However, because I was no longer keeping close track of my investments, having reduced my immediate awareness of my portfolio companies’ current achievements and strengths, I was vulnerable to the fear which affects the ignorant in a market downturn.  In the anxious and volatile market of Summer 2022, recession was widely predicted by economists for early 2023. I began to read again. I did not in panic sell my holdings at the low points.  This was because I know they are sound investments and this attachment has an emotional tone.  However, while I refreshed and reestablished my current knowledge of the repertoire of business strengths of my companies, I felt the need to do something to protect my portfolio from a time period of losses of unpredictable duration. I searched for a suitable candidate investment to which I might allocate part of my capital.

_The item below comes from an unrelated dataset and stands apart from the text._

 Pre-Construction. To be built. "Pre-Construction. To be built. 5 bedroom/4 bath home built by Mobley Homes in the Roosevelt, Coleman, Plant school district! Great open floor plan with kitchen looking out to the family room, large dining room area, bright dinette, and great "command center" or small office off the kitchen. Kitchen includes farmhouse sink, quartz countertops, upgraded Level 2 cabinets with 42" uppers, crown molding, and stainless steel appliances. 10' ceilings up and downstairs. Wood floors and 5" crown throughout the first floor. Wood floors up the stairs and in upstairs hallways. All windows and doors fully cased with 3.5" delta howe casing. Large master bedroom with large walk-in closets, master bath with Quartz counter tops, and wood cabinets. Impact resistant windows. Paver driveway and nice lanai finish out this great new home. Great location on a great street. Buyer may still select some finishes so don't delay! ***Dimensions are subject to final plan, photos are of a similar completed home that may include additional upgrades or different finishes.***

One which did not correlate with my current holdings and might therefore better withstand a possible upcoming recession.

Thus, at approximately the end of January 2023 I shifted some funds from my current holdings, to a novel portfolio component: United Healthcare Group (UNH).  I reallocated approximately 1/3 of funds from ADBE, 1/4  from MSFT, and less than 1/4 from V. I made these moved because of anxiety regarding recession, rising interest rates and the effects on tech and digital finance stocks. But I made only a partial reallocation, because I trusted my current companies would certainly eventually recover and in fact likely take market share during any recession.

As the broad market recovered in the second half of 2022, it became clear that I had traded a portion of funds out of my current holdings, just in time to miss the major recovery run ups of 12.3% for V, 49.3% for MSFT and 60.6% for ADBE.  In contrast, UNH only appreciated approximately 8% between January30 and the end of 2023. My return on investment for 2002 would have been better had I remained fully invested in my original portfolio of eternal companies.

This episode yielded a couple of investor lessons. By regularly reading, keeping informed about your own investments, you are continually aware of the reason that they are sound investments.  Had I done this, I might have held onto my ADBE, MSFT and V with more confidence, knowing that the companies would certainly survive and thrive.  Even should a recession have occurred, as companies riding a wave of secular market expansion, they would play an early part in the rebound of market sentiment as the prospect of tangible economic growth reappeared ahead.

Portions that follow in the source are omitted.